If we graph the horizontal position instead, then the plot would look like the one below. The handle starts on the right (indicated as the top of the plot), moves towards the mid-point until it gets all the way to the left (the bottom of this plot) when then wheel has a phase shift (a rotation) of 180 degrees.

Fig. 7

If we were to put these two plots together to make a three dimensional plot, showing the side view (the vertical position) and the top view (the horizontal position), and the time (or the angular rotation of the wheel), then we wind up with the plot shown below.

Fig. 8

Time to name names… The plot shown in Figure 6 is a “sine wave”, plotted upside down. (The word sine coming from the same root as words like “sinuous” and “sinus” (as in “could you hand me a tissue, please… my sinuses are all blocked up…”) – from the Latin word “sinus” meaning “a bay” – as in “sittin’ by the dock of the bay, watchin’ the tide roll in…”.) Note that, if the wheel were turning anti-clockwise, then it would not be upside down.


If you look at the plot in Figure 7, you may notice that it looks the same as a sine wave would look, if it started 90 degrees of rotation later.
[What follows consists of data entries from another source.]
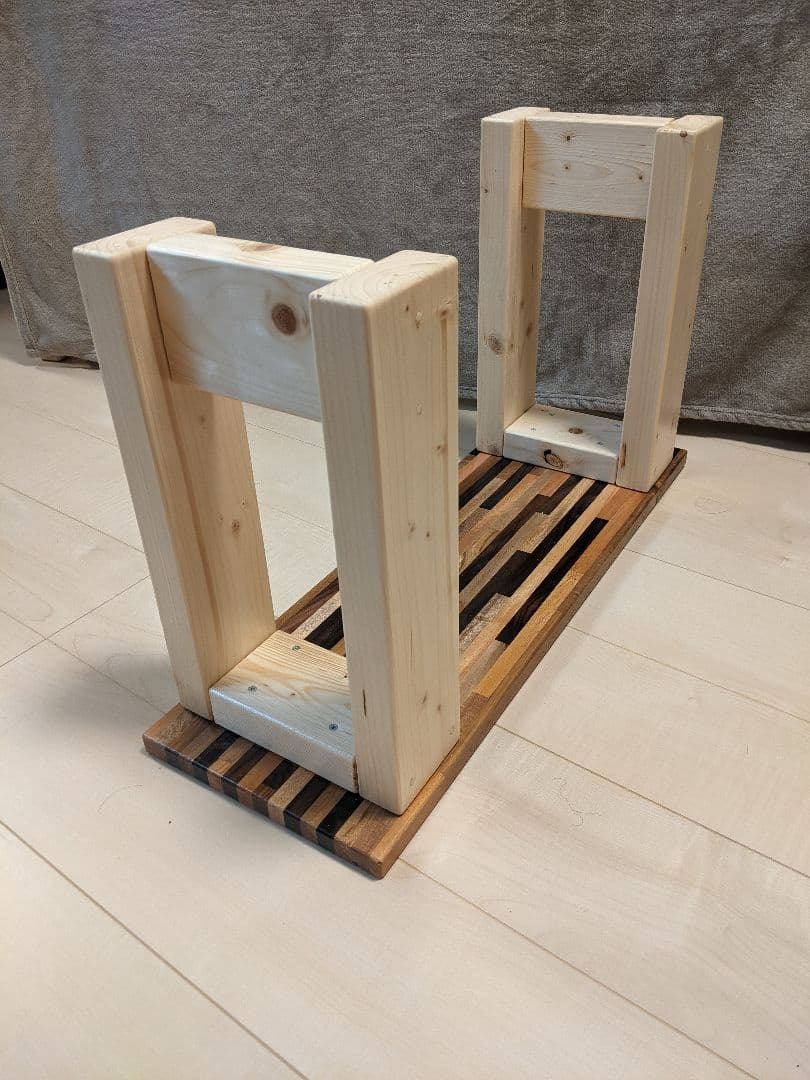 MIX板の木製ストライプデザインベンチ幅69cm スツール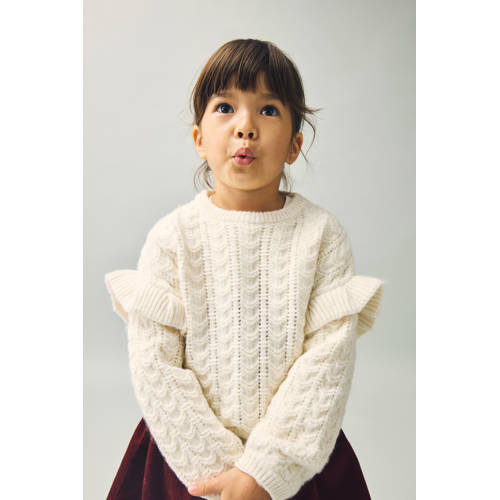 Mango Kids trui wit met kabels Meisjes Polyester Ronde hals Effen - maat 92 afbeelding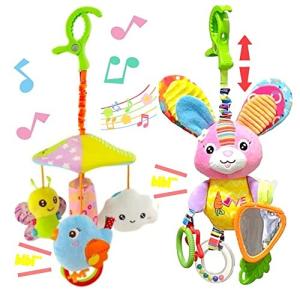 Smiim ベビーカー メリー ベッド メリー あかちゃん 赤ちゃん おもちゃ 玩具 車 チャイルドシート (メリー+うさ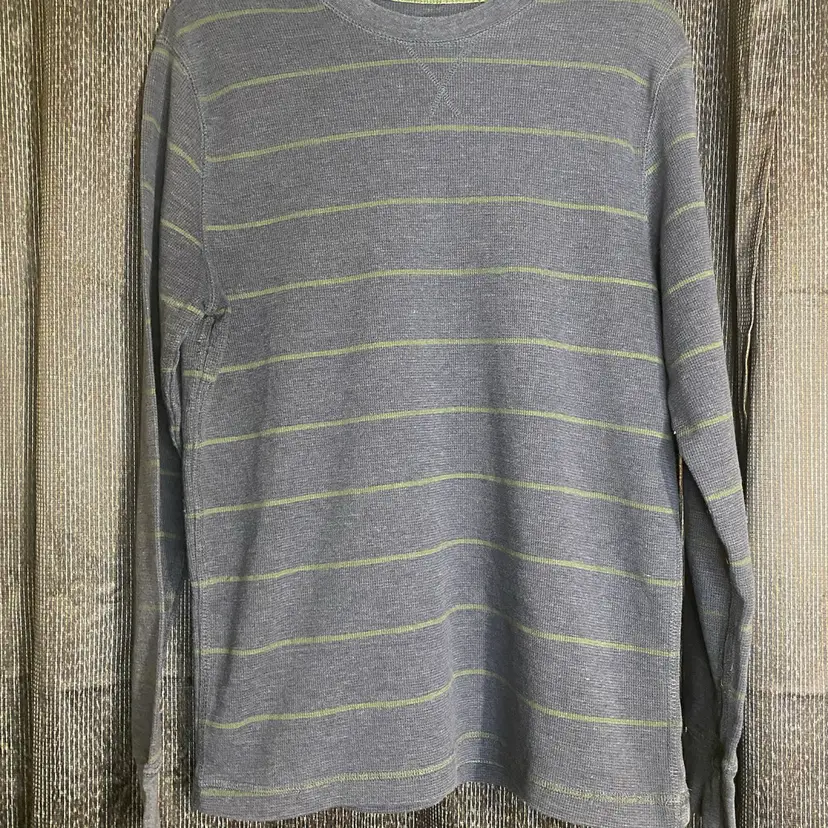 Arizona Men's Size Large Blue & Green Striped Pattern Long Sleeve Thermal Shirt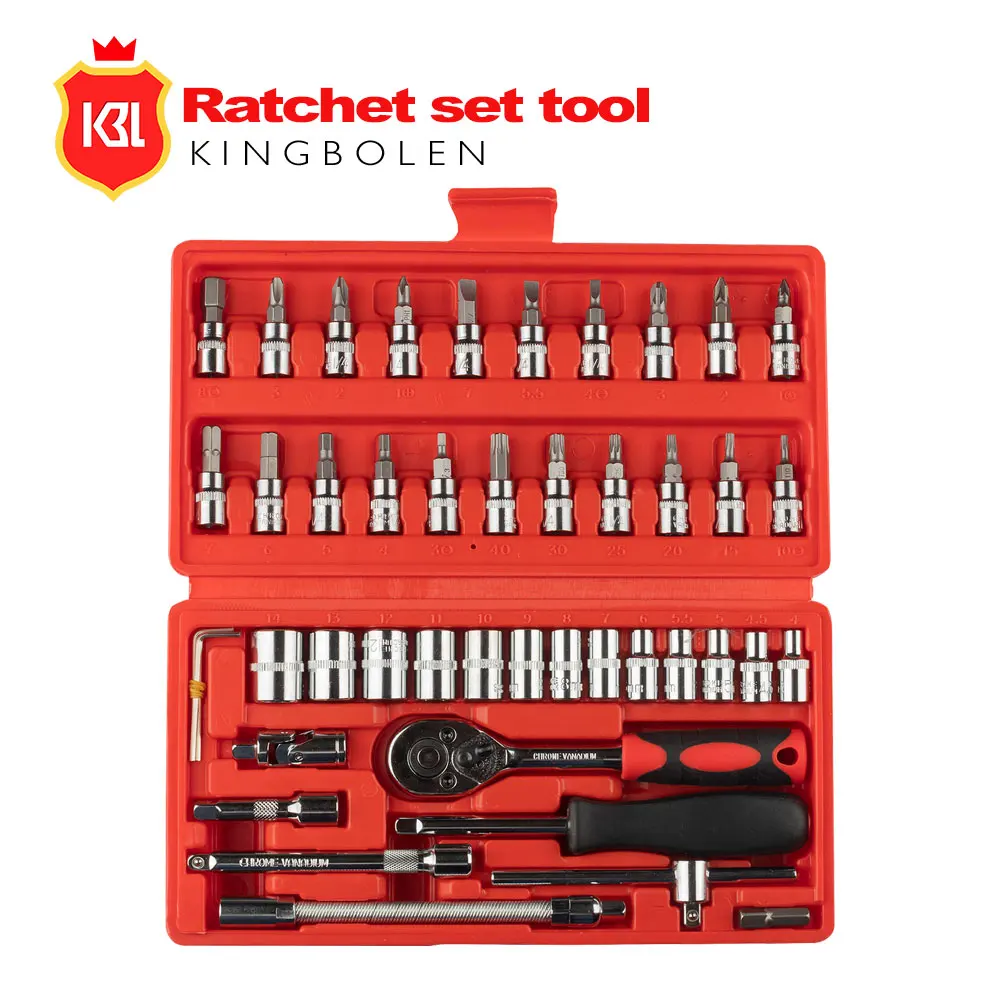 

46pcs 1/4-Inch Socket Set Car Repair Tool Ratchet Set Torque Wrench Combination Bit a set of keys Chrome Vanadium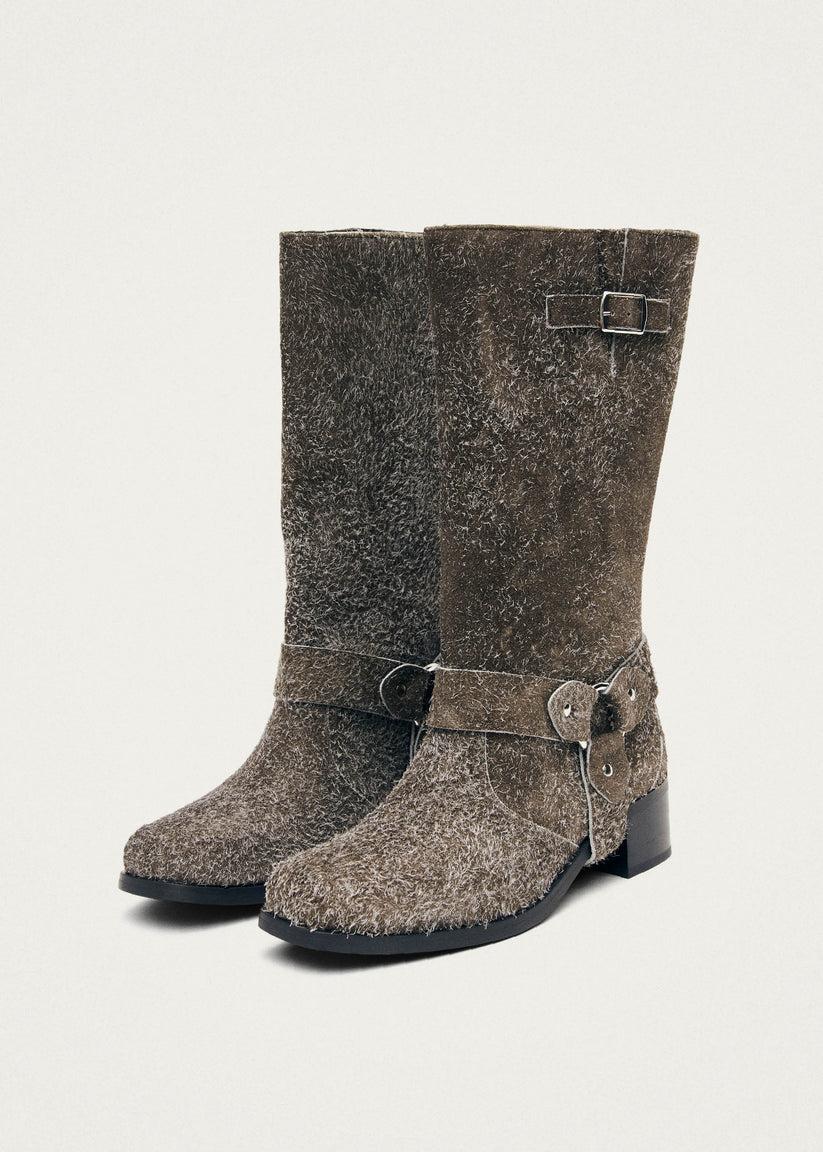 Alohas Rocky Suede Fuzzy Khaki Leather Boots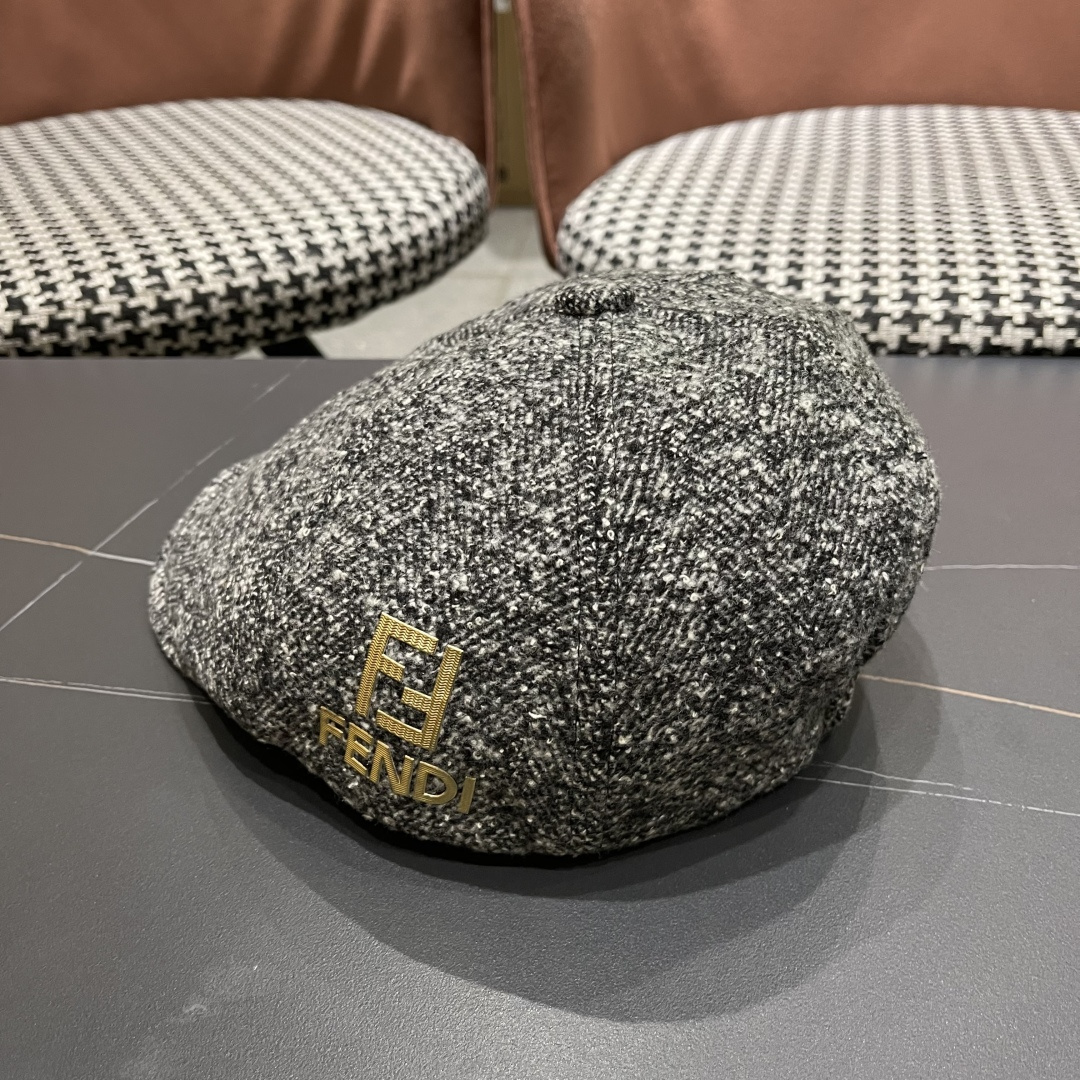  芬迪 FENDl 复古前进帽女春秋英伦老钱风显脸小鸭舌贝雷帽大头围报童画家帽子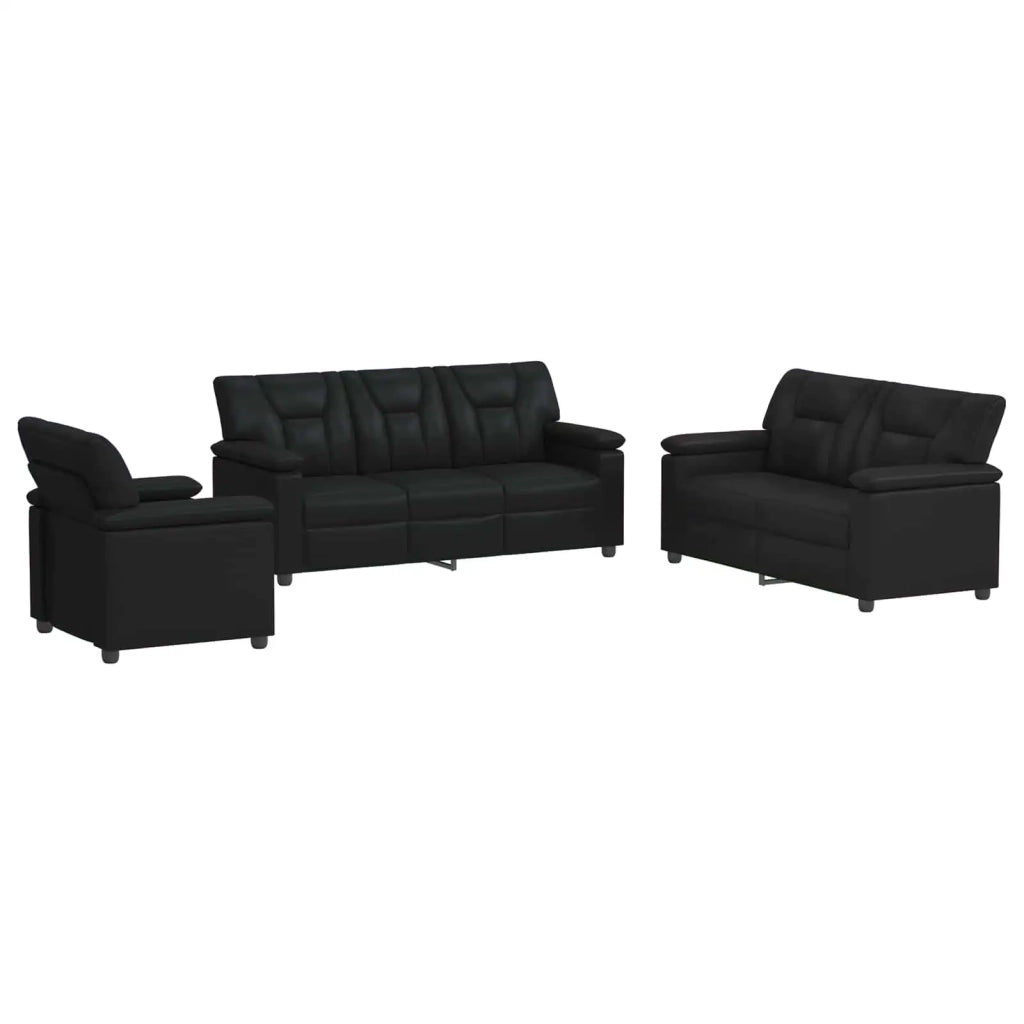 Set di divani 3 pcs Nero Similpelle 3430550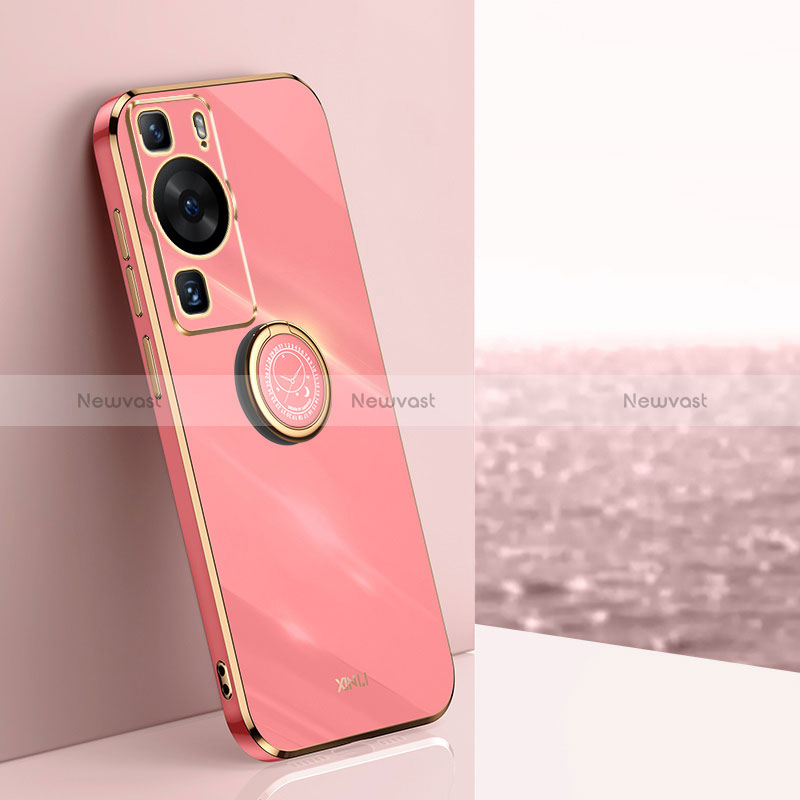 Ultra-thin Silicone Gel Soft Case Cover with Magnetic Finger Ring Stand XL1 for Huawei P60 Pro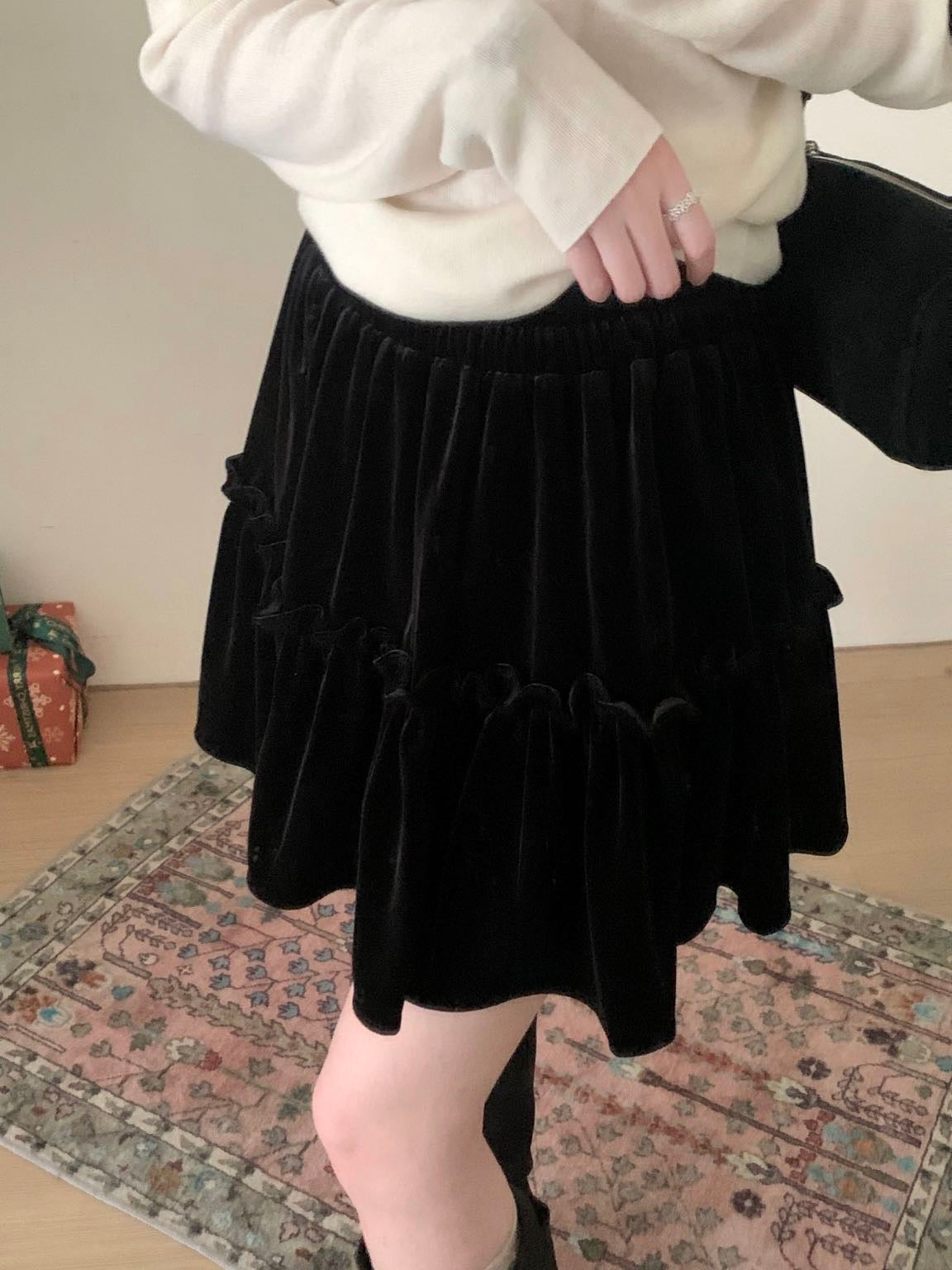 Kelly Designs Velvet Tiered Mini Skirt (Instock)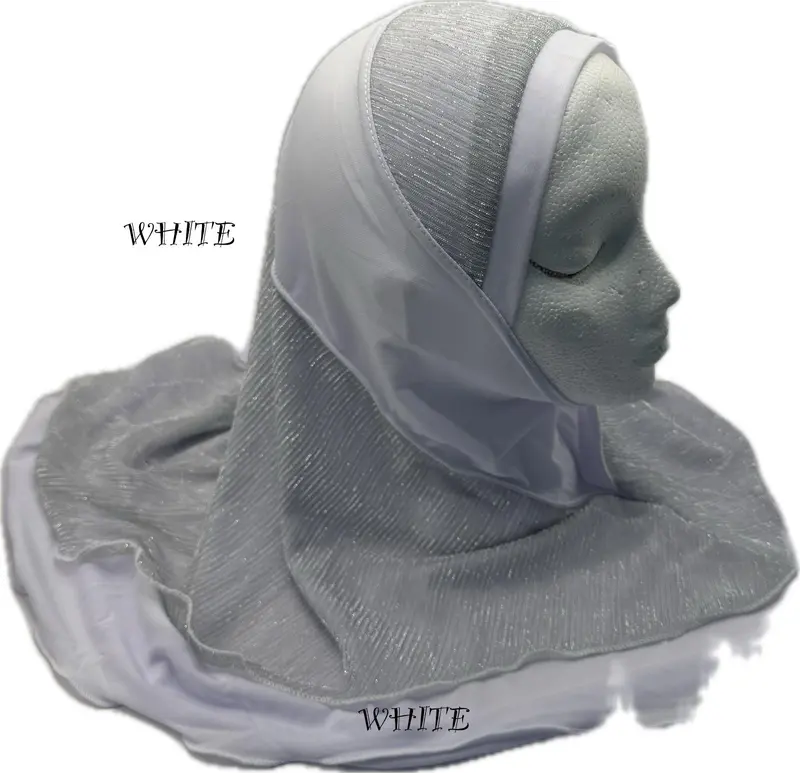 Girls’ Instant Pull-On Hijab with Lurex Trim | Modest Wear for Ages 4-13 | Comfortable, No-Pin Hijab in 10 Colors | Sparkly, Easy-Wear Design for School, Everyday, and Special Occasions 8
This is because, when you’re looking at the wheel from the top, instead of the side, then you have rotated your viewing position by 90 degrees. This is called a “cosine wave” (because it’s the complement of the sine wave).

Notice how, whenever the sine wave is at a maximum or a minimum, the cosine wave is at 0 – in the middle of its movement. The opposite is also true – whenever the cosine is at a maximum or a minimum, the sine wave is at 0.

Remember that if we only knew the cosine, we still wouldn’t know the direction of rotation of the wheel – we need to know the simultaneous values of the sine and the cosine to know whether the wheel is going clockwise or counterclockwise.

The important thing to know so far is that a sine wave (or a cosine wave) is just a two-dimensional view of a three-dimensional thing. The wheel is rotating with a frequency of some angle per second (one full revolution per second = 360º/sec. 10 revolutions per second = 3600º/sec) and this causes a point on its circumference (the handle in the graphics above) to move back and forth (along the x-axis, which we see in the “top” view) and up and down (along the y-axis, which we see in the side view).

So what?

Let’s say that I asked you to make a sine wave generator – and I would like the wave to start at some arbitrary phase. For example, I might ask you to give me a sine wave that starts at 0º. That would look like this:

Fig. 9

But, since I’m whimsical, I might say “actually, can you start the sine wave at 45º instead please?” which would look like this:

Fig. 10

One way for you do do this is to make a sine wave generator with a very carefully timed gain control after it. So, you start the sine wave generator with its output turned completely down (a gain of 0), and you wait the amount of time it takes for 45º of rotation (of the wheel) to elapse – and then you set the output gain suddenly to 1.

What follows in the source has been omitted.